Widow. Oh, sir, resignation is easy if we feel a confidence, or even a feeble hope, that our friends who are taken away will escape the agonies of a second death. But how can we hope against the express declarations of the word of God?
Distiller. And yet, madam, your husband had many excellent qualities.
Widow. And he would still have lived to bless me and the world by their exhibition, had it not been for your distillery.
Distiller. I have no idea of sitting in judgment upon our departed friends, and sending them to hell because they had a few failings.
Widow. Ah, sir, if my husband has gone there, it was your distillery that sent him. Before that was built no man was more kind, temperate, and happy. But you persuaded him to labor there, and paid him in whiskey, and it ruined him, and ruined us all. Look at me—look at these children, without food, without raiment, without fire, without friends, except their Friend in heaven. I do not ask you to bestow upon us any articles for the supply of our temporal necessities; but look at us, and be entreated to tear down your distillery, so that you may not multiply upon you the execrations of the widow and the orphan, wrung from them by the extremity of their sufferings.
Gentlemen, let me exhort you to take such a tour of observation as this once a month. Oh, I entreat every one in the land, who has any concern in the manufacture of ardent spirits, to do the same; and ere long, I am persuaded, you would either abandon every claim to humanity, or abandon for ever your pernicious employment.

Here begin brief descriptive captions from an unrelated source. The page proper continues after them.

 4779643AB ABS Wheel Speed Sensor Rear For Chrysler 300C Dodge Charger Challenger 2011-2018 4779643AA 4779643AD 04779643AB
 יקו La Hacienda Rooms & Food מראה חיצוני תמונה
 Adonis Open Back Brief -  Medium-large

In the fifth place, I advise and forewarn these men as their personal friend. If you distil ardent spirits, or furnish the materials, you must use them yourselves and allow of their use in your families; otherwise your inconsistency, not to say dishonesty, would subject you to universal contempt. Now, to have your children familiar with the sling, the toddy, and the flip, as they grow up! Is here no danger that the temptation will prove too strong for them? Can a man take fire in his bosom, and his clothes not be burned? Can one go upon hot coals, and his feet not be burned? And what compensation for the intemperance of a wife, or a child, would be the highest profits of an orchard, a field of rye, or a distillery? Oh, to be a drunkard is to destroy the soul as well as the body: and what shall a man give in exchange for his soul? And are you yourselves in no danger of intemperance, plied as you are by so many allurements? Look around you and see how many strong men, how many of the wise, the moral, the amiable, and the apparently pious, have fallen before the fascinations of this prince of serpents. And are you safe who stand even within the reach of his forky tongue, and lay the bait for his victims, and lure them into his jaws by tasting of it yourselves? Oh, the history of distillers and temperate drinkers, in their last days, furnishes an awful warning for you.

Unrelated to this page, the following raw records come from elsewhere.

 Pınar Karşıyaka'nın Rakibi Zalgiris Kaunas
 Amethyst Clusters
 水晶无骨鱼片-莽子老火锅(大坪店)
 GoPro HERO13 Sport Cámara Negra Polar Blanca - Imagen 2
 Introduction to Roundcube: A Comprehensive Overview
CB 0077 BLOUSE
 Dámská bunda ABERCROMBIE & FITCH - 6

But there is another danger before you, of which, as a faithful friend, I wish to forewarn you. I see a dark storm gathering over your heads. You cannot be ignorant of the mighty movement that is making in our land on the subject of temperance. You must have felt the heavy concussion, and heard the rolling thunder. The religious, the moral, the patriotic, the learned, and the wise, as intemperance has been developing its huge and hateful features more and more, have been aroused to effort; they have closed together in a firm phalanx; and as they move on with the standard of total abstinence waving before them, the great, and the good, and the valiant of every name, are swelling their ranks. The cry is waxing louder and louder, “Where are the strong holds of the monster; point out to us the fountains that supply his insatiable thirst, and who it is that feeds them; and who it is that opens the enormous floodgates? and thither we will march, and against such men will we point our heaviest artillery.” And to this cry there is an answer more and more distinctly breaking out: “To the distilleries—to the distilleries.” My friends, wait not till this storm of public indignation bursts upon you, nor fancy that you can face it. Oh, no; it will be a steady, fiery blast, that will bear you down; and you will find that none but the dregs of the community will be left with you to sustain you. You will be left with the drunkards, to be distinguished from them only as their abettors and supporters; and from you will every virtuous and patriotic man turn away in disgust, as enemies to himself, his children, and his country. Think not that all this is imagination: look up, and you will see the cloud blackening, and the lightning beginning to play, and hear the thunder roaring. But it is not yet too late to escape from the fury of the storm.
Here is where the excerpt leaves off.